:: Entries shown ::
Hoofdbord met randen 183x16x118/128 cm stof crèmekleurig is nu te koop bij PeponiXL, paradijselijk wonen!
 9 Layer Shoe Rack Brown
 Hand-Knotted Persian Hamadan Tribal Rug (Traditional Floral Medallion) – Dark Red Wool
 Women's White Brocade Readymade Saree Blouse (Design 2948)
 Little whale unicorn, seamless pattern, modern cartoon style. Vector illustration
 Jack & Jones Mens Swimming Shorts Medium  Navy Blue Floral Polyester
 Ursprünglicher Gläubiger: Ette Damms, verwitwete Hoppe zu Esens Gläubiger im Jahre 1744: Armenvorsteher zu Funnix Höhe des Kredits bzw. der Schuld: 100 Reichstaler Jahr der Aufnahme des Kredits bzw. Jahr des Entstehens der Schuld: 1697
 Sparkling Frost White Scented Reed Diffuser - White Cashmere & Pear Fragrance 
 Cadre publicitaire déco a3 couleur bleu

:: Instructions for the task ::
Take from the material above the lines running from the one with "9 Layer Shoe Rack Brown" through the one with "Ursprünglicher Gläubiger: Ette", and repeat them exactly, with nothing else.

:: Answer below ::
 9 Layer Shoe Rack Brown
 Hand-Knotted Persian Hamadan Tribal Rug (Traditional Floral Medallion) – Dark Red Wool
 Women's White Brocade Readymade Saree Blouse (Design 2948)
 Little whale unicorn, seamless pattern, modern cartoon style. Vector illustration
 Jack & Jones Mens Swimming Shorts Medium  Navy Blue Floral Polyester
 Ursprünglicher Gläubiger: Ette Damms, verwitwete Hoppe zu Esens Gläubiger im Jahre 1744: Armenvorsteher zu Funnix Höhe des Kredits bzw. der Schuld: 100 Reichstaler Jahr der Aufnahme des Kredits bzw. Jahr des Entstehens der Schuld: 1697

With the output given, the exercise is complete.